The cards are from an extremely rare series issued around 1910. Up to now, the few known to exist were in so-so condition at best, with faded images and worn edges. But the ones from the attic in the town of Defiance are nearly pristine, untouched for more than a century. The colors are vibrant, the borders crisp and white.
UN envoy Kofi Annan presses his peace plan for Syria
BAGHDAD — The U.N.'s special envoy on the Syrian crisis sought to build support for his peace efforts Tuesday with the leaders of Iran and Iraq, saying President Bashar Assad has agreed to a plan to quell the bloodshed in the most violent areas of Syria and then expand the operation to the whole country.
Top diplomat Kofi Annan said at a news conference in Iran that the plan still must be presented to the Syrian opposition. But he said his talks with Assad a day earlier focused on a new approach to ending the violence, which activists say has killed more than 17,000 people since March 2011.
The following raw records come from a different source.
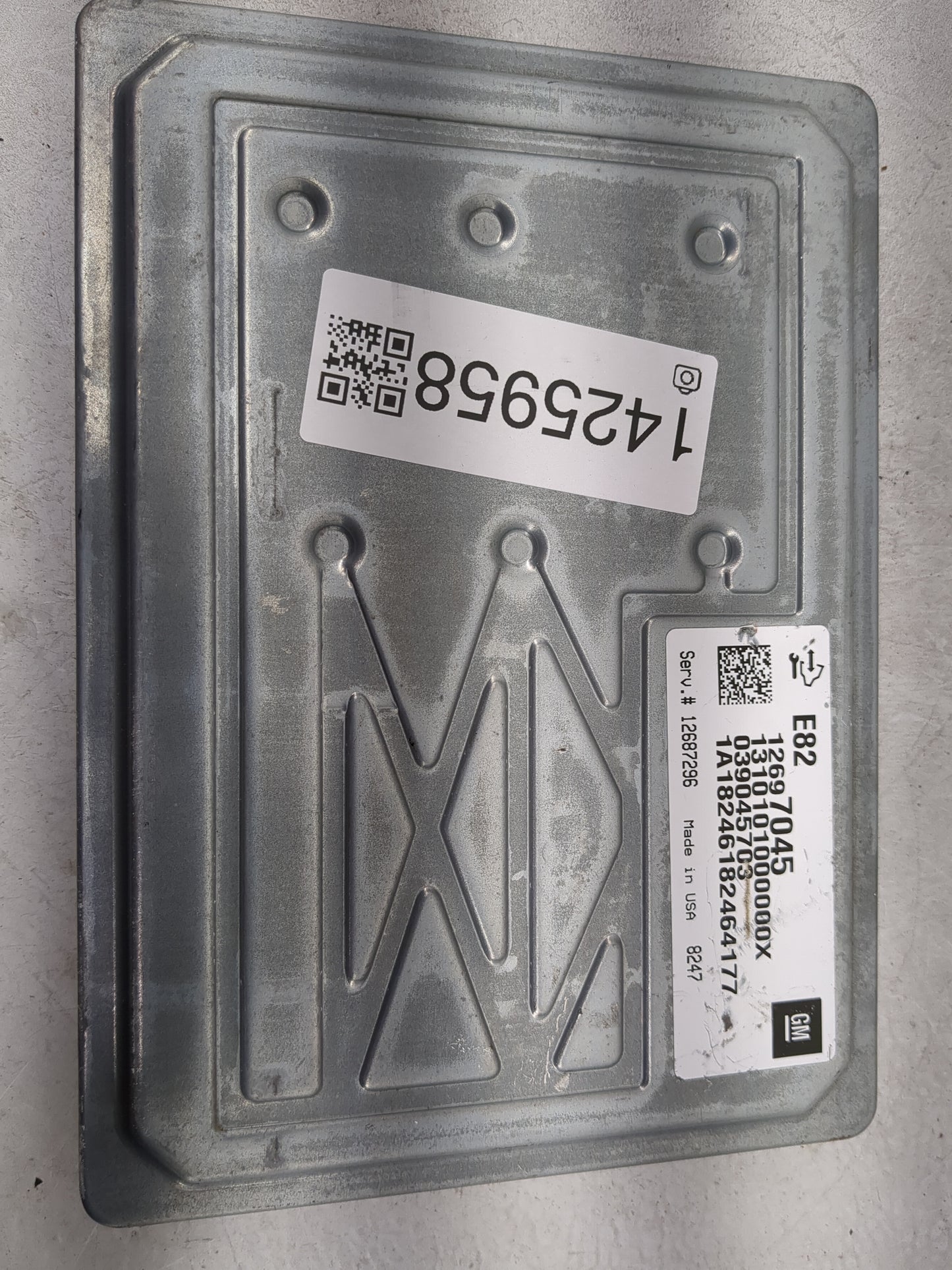 2015 Dodge Durango PCM Engine Control Computer ECU ECM PCU OEM P/N:12697045 Fits OEM Used Auto Parts - Oemusedautoparts1.com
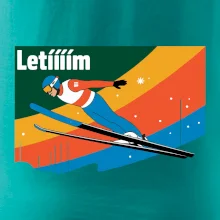 Letííím Skokan na lyžích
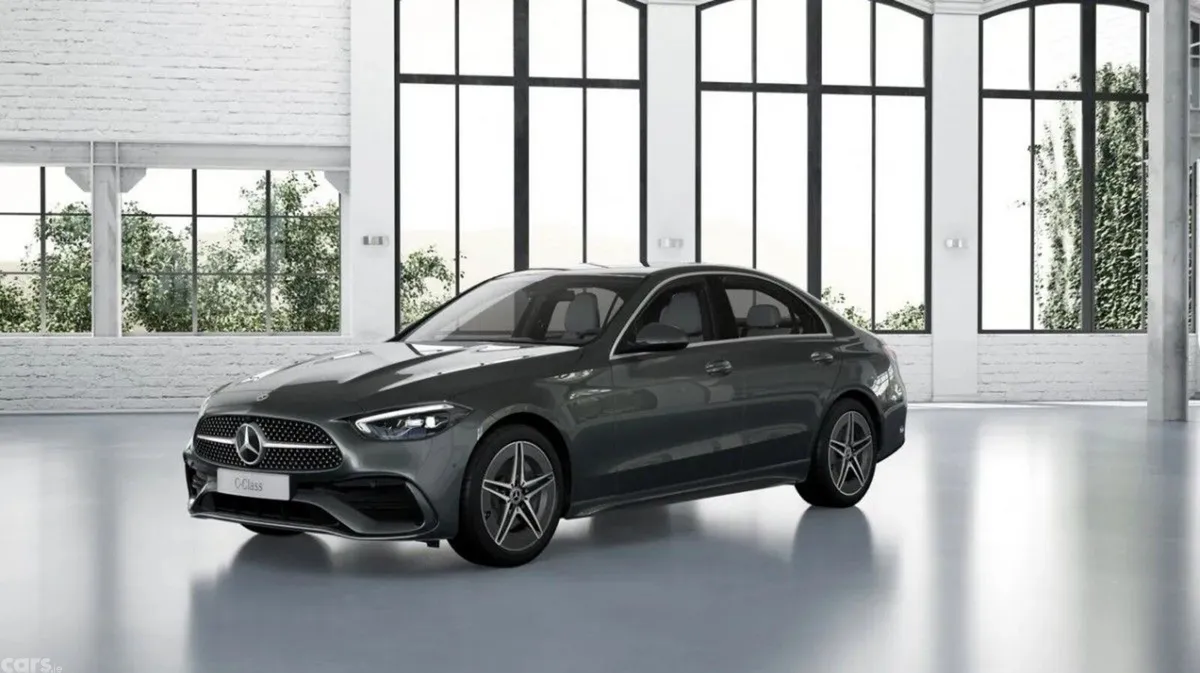 Mercedes-Benz C-Class Saloon, Diesel, 2026, Grey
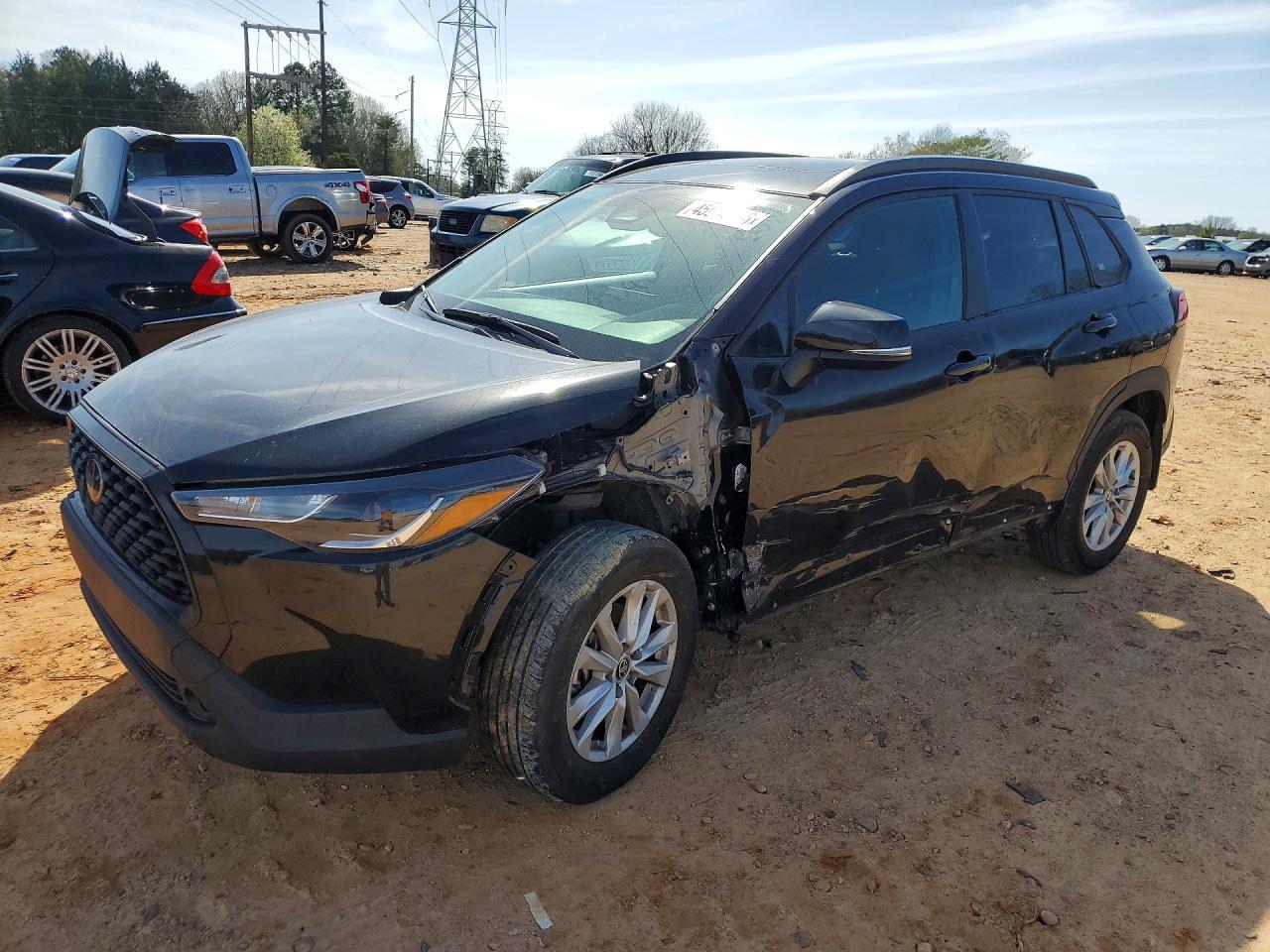 2024 TOYOTA COROLLA CROSS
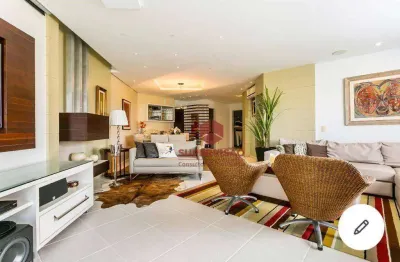 Apartamento à venda, 160 m² por r$ 2.890.000,00 - jurerê internacional - florianópolis/sc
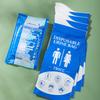 4Pcs 750CC Outdoor Disposable Urinal Bag Portable Emergency Urinate Bags Leakproof Emergency Pee/Wee Bags for Camping Hiking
"(Assad) made a suggestion of building an approach from the ground up in some of the districts where we have extreme violence — to try and contain the violence in those districts and, step by step, build up and end the violence across the country," Annan told reporters in Tehran, his first step on a tour of Syria's allies. He did not elaborate on the plan.
Annan later visited Iraq and met Prime Minister Nouri al-Maliki to discuss ways to end the fighting.
"I think we've all watched the tragic situation in Syria, the killings, the suffering of the people," Annan said in Baghdad. "And everyone I've spoken to shares the concerns and the needs for us to stop the killing."
Olmert's acquittal in Israel sets off debate over peace process
JERUSALEM — Former Prime Minister Ehud Olmert's acquittal of the most serious charges in a high-profile corruption case Tuesday set off a fierce debate about how the peace process might have proceeded differently had the former leader not been driven from office three years ago.
Olmert has claimed he was on the brink of a historic agreement with the Palestinians when he was forced to resign in early 2009. His departure cleared the way for hard-liner Benjamin Netanyahu's election, and peace efforts have been at a standstill ever since.
Palestinian President Mahmoud Abbas called Olmert on Tuesday afternoon to congratulate him on the acquittal, said Nimr Hamad, an Abbas adviser.
"There is no doubt that a great opportunity was wasted with the absence of Olmert. There had been huge progress on all core issues ... and the Palestinian and Israeli positions were getting very close on all issues. Unfortunately, that's all gone now," Hamad said.
Olmert, who headed the centrist Kadima Party, stepped down after he was charged with a series of crimes that included accepting cash-stuffed envelopes from an American supporter and double billing Jewish organizations to cover overseas travel. The alleged crimes took place while Olmert was mayor of Jerusalem and a Cabinet minister, before he became prime minister.